• _Work instruction_
For this exercise, retype all the data exactly and exclude every image.

• _Raw data_
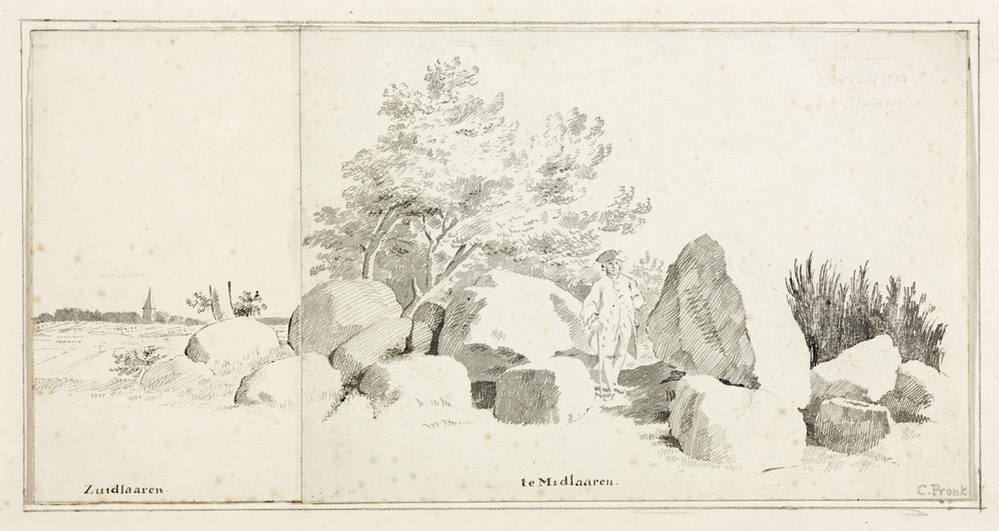 Hunebed te Midlaren, links gezicht op de toren van Zuidlaren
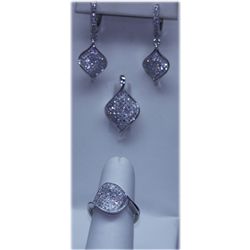 64.25 CTW MICRO PAVE CZ EARRING, RING,PENDANT SET .925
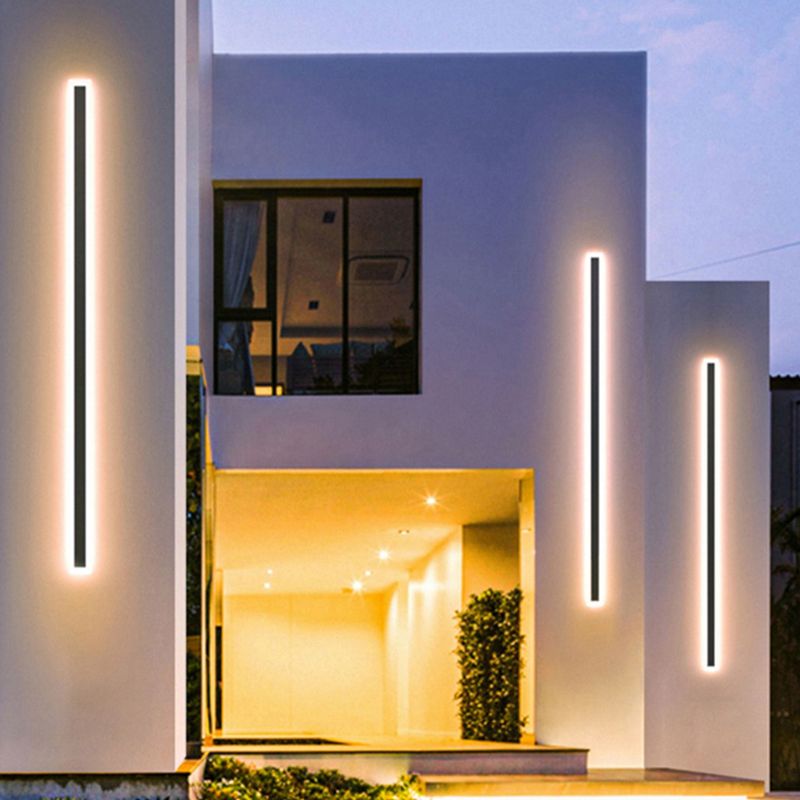 Application murale noire de style nordique Lumière murale à LED droite avec de l'aluminium pour l'extérieur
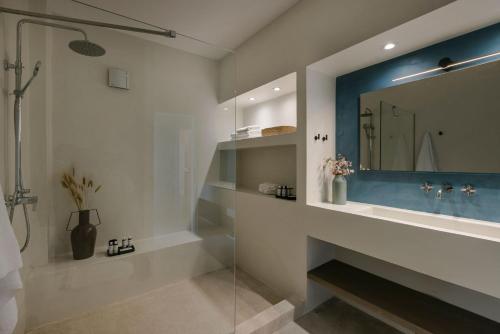 a bathroom with a shower and a mirror at Villa Mirto - Iris sunset villas in Lépedha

• _Solution below_
 Hunebed te Midlaren, links gezicht op de toren van Zuidlaren
 64.25 CTW MICRO PAVE CZ EARRING, RING,PENDANT SET .925
 Application murale noire de style nordique Lumière murale à LED droite avec de l'aluminium pour l'extérieur
 a bathroom with a shower and a mirror at Villa Mirto - Iris sunset villas in Lépedha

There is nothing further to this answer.